Wednesday 1 August 2018

Autism, Christianity, LGBTQ. Why it's important. Safeguarding. Caring.

A picture of a heart-shaped hole in a rock, through which a rainbow can be seen, and small bird flying across

There are different beliefs about God and what he thinks of LGBT+ people.  

In the Church of England, it's still a difficult subject for some, though recent research shows that the number who are e.g. against equal marriage has dropped a lot in recent years. (British Religion in Numbers website).

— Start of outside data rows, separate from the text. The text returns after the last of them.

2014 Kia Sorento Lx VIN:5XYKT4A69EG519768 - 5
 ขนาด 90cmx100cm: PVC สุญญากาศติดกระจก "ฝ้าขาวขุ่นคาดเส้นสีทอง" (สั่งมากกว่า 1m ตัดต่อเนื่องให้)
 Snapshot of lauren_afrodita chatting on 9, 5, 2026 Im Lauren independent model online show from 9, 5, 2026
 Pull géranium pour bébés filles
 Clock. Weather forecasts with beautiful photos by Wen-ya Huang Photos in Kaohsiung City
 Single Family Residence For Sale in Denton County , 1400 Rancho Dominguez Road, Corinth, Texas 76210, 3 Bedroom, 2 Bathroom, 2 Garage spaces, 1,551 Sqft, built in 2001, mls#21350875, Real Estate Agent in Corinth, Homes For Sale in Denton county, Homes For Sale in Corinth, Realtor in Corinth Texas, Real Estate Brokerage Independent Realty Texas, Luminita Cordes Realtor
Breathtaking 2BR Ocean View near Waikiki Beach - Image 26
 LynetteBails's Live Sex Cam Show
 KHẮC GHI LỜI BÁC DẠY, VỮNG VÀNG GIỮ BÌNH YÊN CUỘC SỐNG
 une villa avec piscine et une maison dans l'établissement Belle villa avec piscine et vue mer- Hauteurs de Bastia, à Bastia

There are huge differences in the answers given by people of different ages. The chart below is from research on attitudes to equal marriage done by Jayne Ozanne's group in 2016.

It shows that below age 34, most CofE people are fine with equal marriage.  But over age 55, a majority are not.  That opposition from the over 55s is dropping, too.  But, of course, in many churches, most people are over age 55.  And most powerful people in churches are over age 55.  So we have a church where it's been difficult and sometimes dangerous to be openly gay in some places, for example. Where it's been acceptable to be called all sorts of unpleasant things, and told to Just Forgive.

What we do know is that when people get to know e.g. a gay or lesbian married couple, living ordinary lives, doing ordinary things like everyone else, as neighbours, work colleagues and friends, they usually can't remember what they were objecting to.

I am one of many people communicating for and with the autistic population.  About 3 in every 100 people are autistic.  About 2 million in the UK, on the best and most recent workings-out e.g. the count of all school age children in Northern Ireland, for example.

And at least 3 out of every 10 autistic people are lesbian, gay, bisexual, transgender, non-binary, queer, asexual, intersex, etc.  In other words, part of the LGBTQ population.  The figure for autistic females is higher, at around half.  So, that's about 600,000 autistic people who are part of the LGBT+ communities, in the UK.

Yes, perhaps half the autistic women in the country are part of the LGBTQ population.  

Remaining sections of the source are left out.